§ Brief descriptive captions

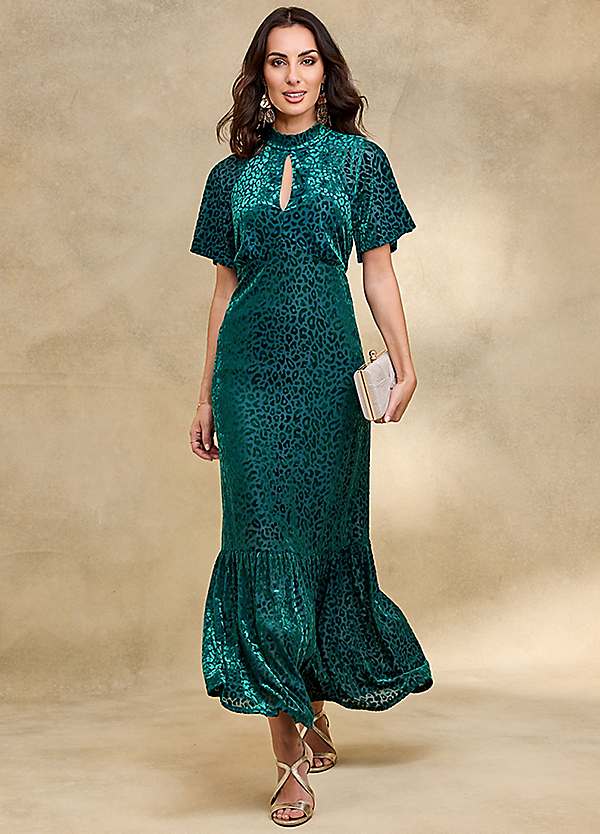 Forest green lace maxi cheap dress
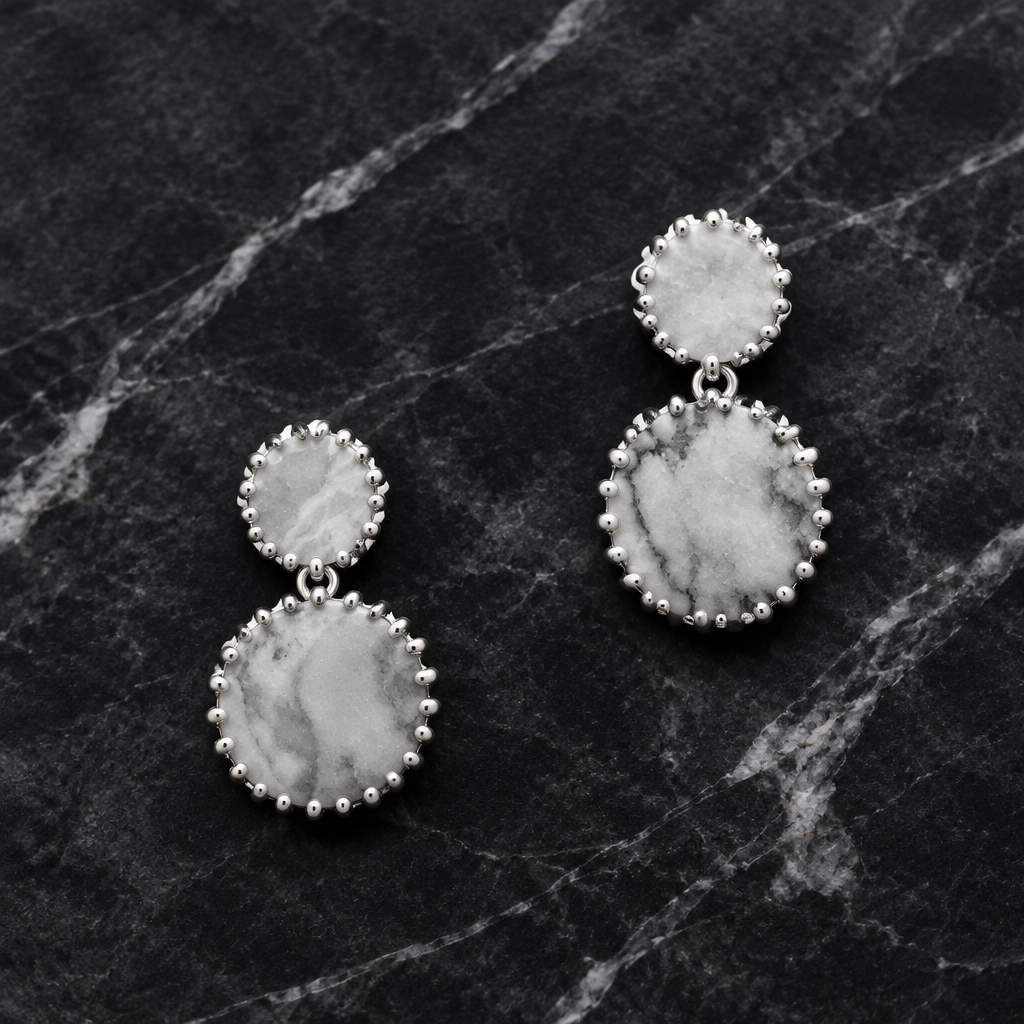Duo Hammered Disc Earring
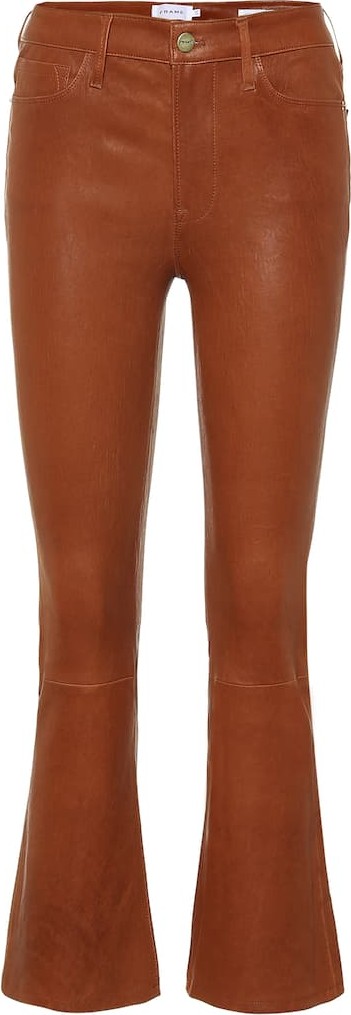 FRAME DENIM Le Crop Mini Boot leather jeans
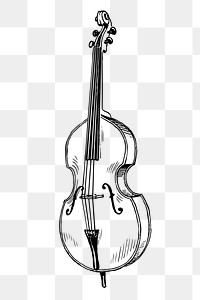 Cello png sticker musical instrument illustration, transparent background. Free public domain CC0 image.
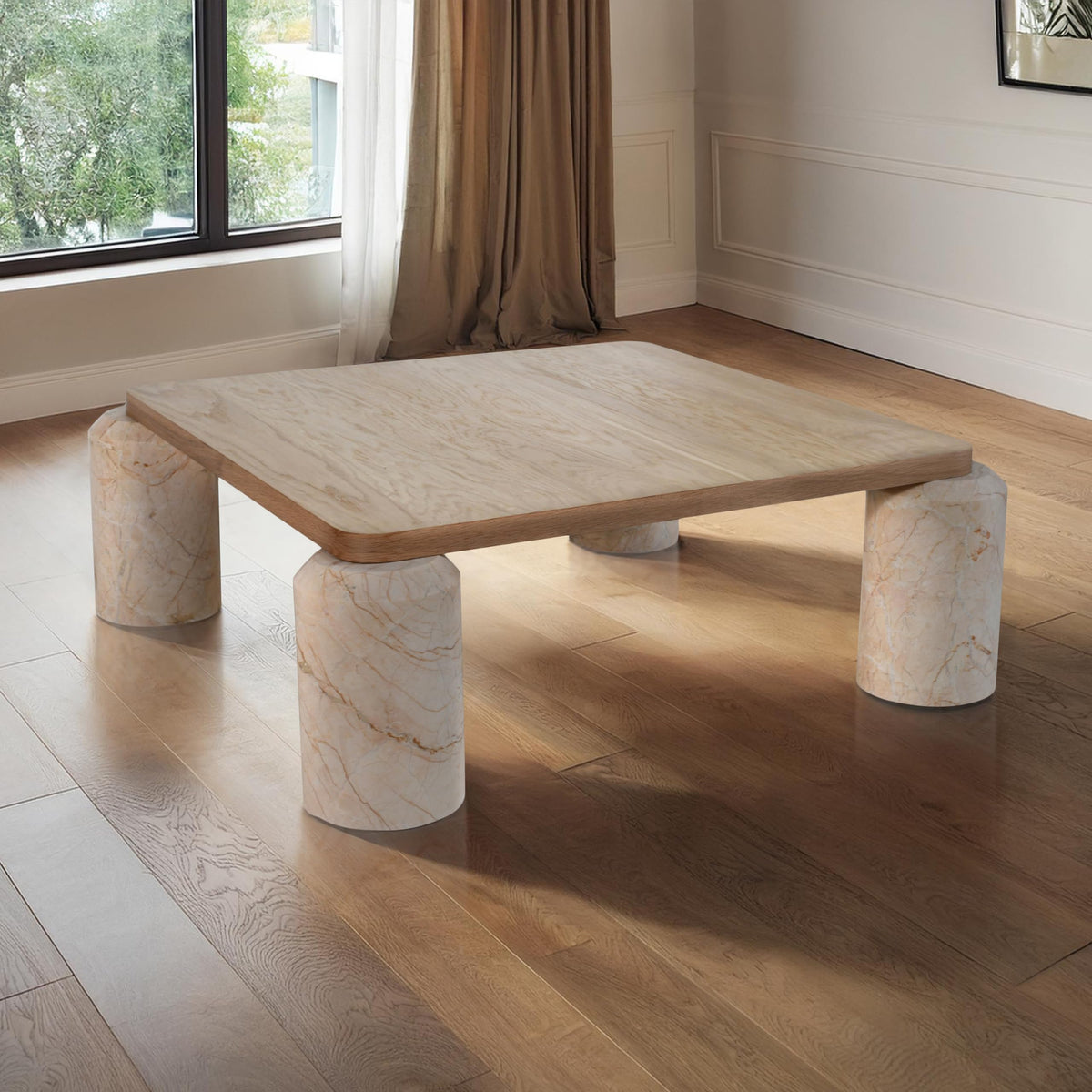 Art Deco Marble Coffee Table with Solid Oak Top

§ About this task
Could you repeat the data exactly, omitting its pictures?

§ Output for this exercise
 Forest green lace maxi cheap dress
Duo Hammered Disc Earring
 FRAME DENIM Le Crop Mini Boot leather jeans
 Cello png sticker musical instrument illustration, transparent background. Free public domain CC0 image.
 Art Deco Marble Coffee Table with Solid Oak Top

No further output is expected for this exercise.